■ Prompt: Go through the records and give each one again exactly.

■ Data in this exercise:
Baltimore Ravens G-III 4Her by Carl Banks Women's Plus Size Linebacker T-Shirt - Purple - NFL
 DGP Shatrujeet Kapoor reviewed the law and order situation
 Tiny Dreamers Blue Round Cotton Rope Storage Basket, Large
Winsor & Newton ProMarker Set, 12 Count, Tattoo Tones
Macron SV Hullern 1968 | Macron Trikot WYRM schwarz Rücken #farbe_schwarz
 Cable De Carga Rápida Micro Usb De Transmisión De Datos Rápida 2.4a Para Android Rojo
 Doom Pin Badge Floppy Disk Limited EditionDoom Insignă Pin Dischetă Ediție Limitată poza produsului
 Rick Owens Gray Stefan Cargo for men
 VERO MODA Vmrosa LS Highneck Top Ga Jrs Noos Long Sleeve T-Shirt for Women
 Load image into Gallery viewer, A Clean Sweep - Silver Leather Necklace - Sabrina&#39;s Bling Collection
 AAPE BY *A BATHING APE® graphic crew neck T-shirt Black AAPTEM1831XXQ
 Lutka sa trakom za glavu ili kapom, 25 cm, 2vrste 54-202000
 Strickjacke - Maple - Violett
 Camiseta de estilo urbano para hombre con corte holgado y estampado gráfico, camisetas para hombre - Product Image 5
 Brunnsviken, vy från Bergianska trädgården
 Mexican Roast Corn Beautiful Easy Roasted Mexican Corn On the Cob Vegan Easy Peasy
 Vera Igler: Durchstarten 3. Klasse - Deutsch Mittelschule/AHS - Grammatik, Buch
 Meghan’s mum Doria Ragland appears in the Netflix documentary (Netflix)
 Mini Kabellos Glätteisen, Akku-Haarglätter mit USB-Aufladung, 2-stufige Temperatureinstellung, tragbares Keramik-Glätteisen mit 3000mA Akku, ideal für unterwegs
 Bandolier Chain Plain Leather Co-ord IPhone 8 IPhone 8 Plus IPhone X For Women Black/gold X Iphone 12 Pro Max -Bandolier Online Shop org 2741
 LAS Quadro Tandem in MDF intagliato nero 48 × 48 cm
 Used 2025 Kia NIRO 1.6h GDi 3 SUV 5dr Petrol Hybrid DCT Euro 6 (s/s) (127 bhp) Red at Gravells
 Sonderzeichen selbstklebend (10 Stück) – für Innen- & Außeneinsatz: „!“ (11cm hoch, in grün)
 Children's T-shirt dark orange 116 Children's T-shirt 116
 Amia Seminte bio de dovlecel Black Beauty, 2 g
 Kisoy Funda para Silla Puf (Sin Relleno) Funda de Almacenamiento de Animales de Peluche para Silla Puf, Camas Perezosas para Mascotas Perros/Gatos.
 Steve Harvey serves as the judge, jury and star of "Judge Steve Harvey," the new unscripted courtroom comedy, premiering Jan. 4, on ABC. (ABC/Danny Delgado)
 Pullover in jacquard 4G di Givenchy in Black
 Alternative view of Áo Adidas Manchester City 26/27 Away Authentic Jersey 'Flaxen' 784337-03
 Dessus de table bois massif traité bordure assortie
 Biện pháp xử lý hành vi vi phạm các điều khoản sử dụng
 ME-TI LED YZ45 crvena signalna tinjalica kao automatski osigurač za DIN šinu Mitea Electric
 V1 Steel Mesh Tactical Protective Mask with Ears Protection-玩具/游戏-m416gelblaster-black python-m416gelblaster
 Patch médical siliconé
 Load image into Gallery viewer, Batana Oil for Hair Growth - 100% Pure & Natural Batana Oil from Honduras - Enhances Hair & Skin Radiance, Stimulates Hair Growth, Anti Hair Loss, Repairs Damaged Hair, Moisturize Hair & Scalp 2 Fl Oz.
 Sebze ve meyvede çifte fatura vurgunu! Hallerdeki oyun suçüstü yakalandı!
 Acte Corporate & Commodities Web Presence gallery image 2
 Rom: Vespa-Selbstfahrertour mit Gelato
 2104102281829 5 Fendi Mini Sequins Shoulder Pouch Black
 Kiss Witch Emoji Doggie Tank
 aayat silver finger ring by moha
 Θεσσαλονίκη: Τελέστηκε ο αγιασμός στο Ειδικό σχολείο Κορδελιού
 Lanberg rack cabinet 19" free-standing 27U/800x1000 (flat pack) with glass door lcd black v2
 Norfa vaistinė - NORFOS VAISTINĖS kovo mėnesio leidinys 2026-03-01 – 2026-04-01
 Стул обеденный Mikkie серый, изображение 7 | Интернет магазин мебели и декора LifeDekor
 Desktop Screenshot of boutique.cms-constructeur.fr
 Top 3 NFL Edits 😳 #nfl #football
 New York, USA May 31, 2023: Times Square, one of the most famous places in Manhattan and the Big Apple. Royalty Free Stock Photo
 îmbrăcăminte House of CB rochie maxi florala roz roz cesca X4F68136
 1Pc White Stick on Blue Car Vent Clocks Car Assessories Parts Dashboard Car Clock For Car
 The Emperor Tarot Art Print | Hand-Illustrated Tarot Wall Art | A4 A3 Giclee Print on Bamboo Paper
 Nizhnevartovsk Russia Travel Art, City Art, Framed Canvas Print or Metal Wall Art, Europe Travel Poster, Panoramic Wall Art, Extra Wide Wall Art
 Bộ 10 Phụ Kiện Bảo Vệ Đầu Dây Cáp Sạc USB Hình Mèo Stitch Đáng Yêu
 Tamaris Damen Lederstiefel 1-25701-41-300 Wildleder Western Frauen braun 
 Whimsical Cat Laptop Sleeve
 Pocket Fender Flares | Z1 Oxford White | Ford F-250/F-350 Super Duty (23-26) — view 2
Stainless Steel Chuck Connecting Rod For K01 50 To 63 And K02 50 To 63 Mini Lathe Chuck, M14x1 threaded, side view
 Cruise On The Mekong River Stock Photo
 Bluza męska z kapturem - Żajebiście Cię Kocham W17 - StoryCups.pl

■ Output for this task:
Baltimore Ravens G-III 4Her by Carl Banks Women's Plus Size Linebacker T-Shirt - Purple - NFL
 DGP Shatrujeet Kapoor reviewed the law and order situation
 Tiny Dreamers Blue Round Cotton Rope Storage Basket, Large
Winsor & Newton ProMarker Set, 12 Count, Tattoo Tones
Macron SV Hullern 1968 | Macron Trikot WYRM schwarz Rücken #farbe_schwarz
 Cable De Carga Rápida Micro Usb De Transmisión De Datos Rápida 2.4a Para Android Rojo
 Doom Pin Badge Floppy Disk Limited EditionDoom Insignă Pin Dischetă Ediție Limitată poza produsului
 Rick Owens Gray Stefan Cargo for men
 VERO MODA Vmrosa LS Highneck Top Ga Jrs Noos Long Sleeve T-Shirt for Women
 Load image into Gallery viewer, A Clean Sweep - Silver Leather Necklace - Sabrina&#39;s Bling Collection
 AAPE BY *A BATHING APE® graphic crew neck T-shirt Black AAPTEM1831XXQ
 Lutka sa trakom za glavu ili kapom, 25 cm, 2vrste 54-202000
 Strickjacke - Maple - Violett
 Camiseta de estilo urbano para hombre con corte holgado y estampado gráfico, camisetas para hombre - Product Image 5
 Brunnsviken, vy från Bergianska trädgården
 Mexican Roast Corn Beautiful Easy Roasted Mexican Corn On the Cob Vegan Easy Peasy
 Vera Igler: Durchstarten 3. Klasse - Deutsch Mittelschule/AHS - Grammatik, Buch
 Meghan’s mum Doria Ragland appears in the Netflix documentary (Netflix)
 Mini Kabellos Glätteisen, Akku-Haarglätter mit USB-Aufladung, 2-stufige Temperatureinstellung, tragbares Keramik-Glätteisen mit 3000mA Akku, ideal für unterwegs
 Bandolier Chain Plain Leather Co-ord IPhone 8 IPhone 8 Plus IPhone X For Women Black/gold X Iphone 12 Pro Max -Bandolier Online Shop org 2741
 LAS Quadro Tandem in MDF intagliato nero 48 × 48 cm
 Used 2025 Kia NIRO 1.6h GDi 3 SUV 5dr Petrol Hybrid DCT Euro 6 (s/s) (127 bhp) Red at Gravells
 Sonderzeichen selbstklebend (10 Stück) – für Innen- & Außeneinsatz: „!“ (11cm hoch, in grün)
 Children's T-shirt dark orange 116 Children's T-shirt 116
 Amia Seminte bio de dovlecel Black Beauty, 2 g
 Kisoy Funda para Silla Puf (Sin Relleno) Funda de Almacenamiento de Animales de Peluche para Silla Puf, Camas Perezosas para Mascotas Perros/Gatos.
 Steve Harvey serves as the judge, jury and star of "Judge Steve Harvey," the new unscripted courtroom comedy, premiering Jan. 4, on ABC. (ABC/Danny Delgado)
 Pullover in jacquard 4G di Givenchy in Black
 Alternative view of Áo Adidas Manchester City 26/27 Away Authentic Jersey 'Flaxen' 784337-03
 Dessus de table bois massif traité bordure assortie
 Biện pháp xử lý hành vi vi phạm các điều khoản sử dụng
 ME-TI LED YZ45 crvena signalna tinjalica kao automatski osigurač za DIN šinu Mitea Electric
 V1 Steel Mesh Tactical Protective Mask with Ears Protection-玩具/游戏-m416gelblaster-black python-m416gelblaster
 Patch médical siliconé
 Load image into Gallery viewer, Batana Oil for Hair Growth - 100% Pure & Natural Batana Oil from Honduras - Enhances Hair & Skin Radiance, Stimulates Hair Growth, Anti Hair Loss, Repairs Damaged Hair, Moisturize Hair & Scalp 2 Fl Oz.
 Sebze ve meyvede çifte fatura vurgunu! Hallerdeki oyun suçüstü yakalandı!
 Acte Corporate & Commodities Web Presence gallery image 2
 Rom: Vespa-Selbstfahrertour mit Gelato
 2104102281829 5 Fendi Mini Sequins Shoulder Pouch Black
 Kiss Witch Emoji Doggie Tank
 aayat silver finger ring by moha
 Θεσσαλονίκη: Τελέστηκε ο αγιασμός στο Ειδικό σχολείο Κορδελιού
 Lanberg rack cabinet 19" free-standing 27U/800x1000 (flat pack) with glass door lcd black v2
 Norfa vaistinė - NORFOS VAISTINĖS kovo mėnesio leidinys 2026-03-01 – 2026-04-01
 Стул обеденный Mikkie серый, изображение 7 | Интернет магазин мебели и декора LifeDekor
 Desktop Screenshot of boutique.cms-constructeur.fr
 Top 3 NFL Edits 😳 #nfl #football
 New York, USA May 31, 2023: Times Square, one of the most famous places in Manhattan and the Big Apple. Royalty Free Stock Photo
 îmbrăcăminte House of CB rochie maxi florala roz roz cesca X4F68136
 1Pc White Stick on Blue Car Vent Clocks Car Assessories Parts Dashboard Car Clock For Car
 The Emperor Tarot Art Print | Hand-Illustrated Tarot Wall Art | A4 A3 Giclee Print on Bamboo Paper
 Nizhnevartovsk Russia Travel Art, City Art, Framed Canvas Print or Metal Wall Art, Europe Travel Poster, Panoramic Wall Art, Extra Wide Wall Art
 Bộ 10 Phụ Kiện Bảo Vệ Đầu Dây Cáp Sạc USB Hình Mèo Stitch Đáng Yêu
 Tamaris Damen Lederstiefel 1-25701-41-300 Wildleder Western Frauen braun 
 Whimsical Cat Laptop Sleeve
 Pocket Fender Flares | Z1 Oxford White | Ford F-250/F-350 Super Duty (23-26) — view 2
Stainless Steel Chuck Connecting Rod For K01 50 To 63 And K02 50 To 63 Mini Lathe Chuck, M14x1 threaded, side view
 Cruise On The Mekong River Stock Photo
 Bluza męska z kapturem - Żajebiście Cię Kocham W17 - StoryCups.pl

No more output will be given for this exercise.